───── Task data ─────
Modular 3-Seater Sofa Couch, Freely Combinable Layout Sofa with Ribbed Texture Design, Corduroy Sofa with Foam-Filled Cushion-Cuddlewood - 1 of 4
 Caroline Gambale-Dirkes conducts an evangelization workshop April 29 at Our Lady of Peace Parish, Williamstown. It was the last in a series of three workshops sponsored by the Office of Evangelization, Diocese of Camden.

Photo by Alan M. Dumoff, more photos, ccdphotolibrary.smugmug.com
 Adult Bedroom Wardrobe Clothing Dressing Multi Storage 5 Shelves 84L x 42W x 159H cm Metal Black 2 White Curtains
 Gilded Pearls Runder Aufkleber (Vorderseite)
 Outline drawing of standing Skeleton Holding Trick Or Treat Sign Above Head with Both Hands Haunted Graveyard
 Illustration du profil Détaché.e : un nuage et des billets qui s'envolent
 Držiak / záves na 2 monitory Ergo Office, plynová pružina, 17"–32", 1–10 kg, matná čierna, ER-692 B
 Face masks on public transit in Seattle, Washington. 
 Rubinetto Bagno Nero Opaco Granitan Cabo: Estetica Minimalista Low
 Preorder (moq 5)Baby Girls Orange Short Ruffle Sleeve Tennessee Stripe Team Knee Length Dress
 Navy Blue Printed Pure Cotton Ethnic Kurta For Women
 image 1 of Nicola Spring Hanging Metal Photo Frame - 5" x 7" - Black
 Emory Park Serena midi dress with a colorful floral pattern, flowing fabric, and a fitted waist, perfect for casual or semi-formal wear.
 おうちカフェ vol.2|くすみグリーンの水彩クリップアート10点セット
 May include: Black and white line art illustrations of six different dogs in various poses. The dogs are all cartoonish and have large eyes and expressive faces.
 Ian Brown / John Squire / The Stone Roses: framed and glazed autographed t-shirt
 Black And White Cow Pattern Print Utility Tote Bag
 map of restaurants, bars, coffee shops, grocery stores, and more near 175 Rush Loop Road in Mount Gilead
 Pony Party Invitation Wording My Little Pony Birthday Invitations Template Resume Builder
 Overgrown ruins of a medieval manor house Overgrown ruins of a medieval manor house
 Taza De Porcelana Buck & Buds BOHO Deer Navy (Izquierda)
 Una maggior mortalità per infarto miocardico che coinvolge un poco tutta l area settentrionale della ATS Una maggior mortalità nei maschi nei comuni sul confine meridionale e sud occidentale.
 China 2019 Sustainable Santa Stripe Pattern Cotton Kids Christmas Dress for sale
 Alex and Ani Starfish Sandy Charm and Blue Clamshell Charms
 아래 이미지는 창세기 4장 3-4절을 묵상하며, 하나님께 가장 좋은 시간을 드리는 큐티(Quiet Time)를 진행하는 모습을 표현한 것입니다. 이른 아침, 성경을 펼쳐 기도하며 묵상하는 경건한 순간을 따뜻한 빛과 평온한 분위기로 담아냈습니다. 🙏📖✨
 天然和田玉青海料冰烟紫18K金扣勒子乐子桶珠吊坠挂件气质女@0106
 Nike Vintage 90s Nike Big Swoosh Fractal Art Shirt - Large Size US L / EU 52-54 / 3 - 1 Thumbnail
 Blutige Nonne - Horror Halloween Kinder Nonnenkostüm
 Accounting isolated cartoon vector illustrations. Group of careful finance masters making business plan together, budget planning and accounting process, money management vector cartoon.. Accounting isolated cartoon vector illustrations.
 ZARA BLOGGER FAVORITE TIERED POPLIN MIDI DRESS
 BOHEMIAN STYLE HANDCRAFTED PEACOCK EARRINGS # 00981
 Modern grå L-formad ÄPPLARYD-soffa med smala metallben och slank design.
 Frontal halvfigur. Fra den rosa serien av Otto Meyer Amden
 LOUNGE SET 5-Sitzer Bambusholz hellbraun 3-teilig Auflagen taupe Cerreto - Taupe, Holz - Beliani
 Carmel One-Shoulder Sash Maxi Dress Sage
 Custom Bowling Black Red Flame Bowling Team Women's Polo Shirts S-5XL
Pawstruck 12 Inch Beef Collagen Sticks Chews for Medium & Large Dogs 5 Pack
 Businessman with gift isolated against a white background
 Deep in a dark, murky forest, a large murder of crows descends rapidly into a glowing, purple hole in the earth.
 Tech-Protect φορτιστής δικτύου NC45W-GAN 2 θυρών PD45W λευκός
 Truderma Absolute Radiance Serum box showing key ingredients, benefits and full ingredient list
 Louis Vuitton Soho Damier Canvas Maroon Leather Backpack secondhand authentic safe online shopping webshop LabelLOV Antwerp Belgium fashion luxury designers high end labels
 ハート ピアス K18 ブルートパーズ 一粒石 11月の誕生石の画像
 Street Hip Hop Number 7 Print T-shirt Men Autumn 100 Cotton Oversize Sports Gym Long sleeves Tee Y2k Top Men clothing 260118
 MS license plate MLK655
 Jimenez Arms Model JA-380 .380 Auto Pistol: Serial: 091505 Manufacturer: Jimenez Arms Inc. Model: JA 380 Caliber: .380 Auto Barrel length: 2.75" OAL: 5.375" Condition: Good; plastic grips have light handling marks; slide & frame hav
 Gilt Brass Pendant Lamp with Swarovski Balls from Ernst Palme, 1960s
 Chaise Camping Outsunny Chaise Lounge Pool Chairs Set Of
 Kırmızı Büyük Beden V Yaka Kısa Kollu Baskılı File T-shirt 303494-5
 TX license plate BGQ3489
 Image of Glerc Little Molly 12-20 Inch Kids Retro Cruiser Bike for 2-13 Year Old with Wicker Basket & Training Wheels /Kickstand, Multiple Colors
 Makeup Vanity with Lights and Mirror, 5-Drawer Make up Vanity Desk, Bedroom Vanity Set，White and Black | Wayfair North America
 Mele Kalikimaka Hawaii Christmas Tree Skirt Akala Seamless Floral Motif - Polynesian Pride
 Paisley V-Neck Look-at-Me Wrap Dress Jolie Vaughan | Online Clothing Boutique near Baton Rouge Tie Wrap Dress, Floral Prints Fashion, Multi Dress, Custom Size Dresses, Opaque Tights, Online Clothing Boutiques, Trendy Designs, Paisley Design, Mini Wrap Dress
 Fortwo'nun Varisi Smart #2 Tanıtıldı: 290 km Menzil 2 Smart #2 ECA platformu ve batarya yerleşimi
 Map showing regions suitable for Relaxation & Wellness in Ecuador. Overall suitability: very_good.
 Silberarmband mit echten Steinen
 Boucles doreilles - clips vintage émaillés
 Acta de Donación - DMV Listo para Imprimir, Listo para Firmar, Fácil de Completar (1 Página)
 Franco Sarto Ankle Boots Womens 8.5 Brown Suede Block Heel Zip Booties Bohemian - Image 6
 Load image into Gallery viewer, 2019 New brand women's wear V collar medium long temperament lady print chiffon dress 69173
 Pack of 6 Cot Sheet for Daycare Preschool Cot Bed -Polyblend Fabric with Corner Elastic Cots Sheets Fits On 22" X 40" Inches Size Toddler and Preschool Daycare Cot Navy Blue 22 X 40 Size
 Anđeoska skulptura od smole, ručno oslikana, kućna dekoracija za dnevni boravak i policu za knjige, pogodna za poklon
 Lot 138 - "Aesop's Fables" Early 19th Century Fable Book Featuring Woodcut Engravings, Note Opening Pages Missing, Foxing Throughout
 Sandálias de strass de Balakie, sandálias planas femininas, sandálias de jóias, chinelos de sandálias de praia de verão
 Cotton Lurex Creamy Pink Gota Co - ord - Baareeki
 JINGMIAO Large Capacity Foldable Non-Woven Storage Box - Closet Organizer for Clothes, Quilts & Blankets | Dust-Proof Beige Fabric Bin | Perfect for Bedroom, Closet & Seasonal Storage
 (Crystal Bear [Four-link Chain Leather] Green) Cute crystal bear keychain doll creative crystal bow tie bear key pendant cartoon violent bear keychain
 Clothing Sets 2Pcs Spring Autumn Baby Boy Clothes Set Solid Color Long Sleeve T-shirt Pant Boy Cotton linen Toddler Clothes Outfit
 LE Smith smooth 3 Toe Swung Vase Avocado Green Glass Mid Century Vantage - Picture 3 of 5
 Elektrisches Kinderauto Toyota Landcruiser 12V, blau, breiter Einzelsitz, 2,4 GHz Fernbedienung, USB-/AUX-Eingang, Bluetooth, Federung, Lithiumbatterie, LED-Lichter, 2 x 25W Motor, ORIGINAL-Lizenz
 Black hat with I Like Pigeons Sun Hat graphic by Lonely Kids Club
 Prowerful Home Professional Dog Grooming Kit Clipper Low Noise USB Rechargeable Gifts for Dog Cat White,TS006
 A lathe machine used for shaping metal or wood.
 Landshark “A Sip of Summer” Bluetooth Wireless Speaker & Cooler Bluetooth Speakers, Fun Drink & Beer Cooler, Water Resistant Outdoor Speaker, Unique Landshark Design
─────
▶ Your objective
Return every line of the listing that has the word "have" in it.

▶ Task response
 May include: Black and white line art illustrations of six different dogs in various poses. The dogs are all cartoonish and have large eyes and expressive faces.
 Jimenez Arms Model JA-380 .380 Auto Pistol: Serial: 091505 Manufacturer: Jimenez Arms Inc. Model: JA 380 Caliber: .380 Auto Barrel length: 2.75" OAL: 5.375" Condition: Good; plastic grips have light handling marks; slide & frame hav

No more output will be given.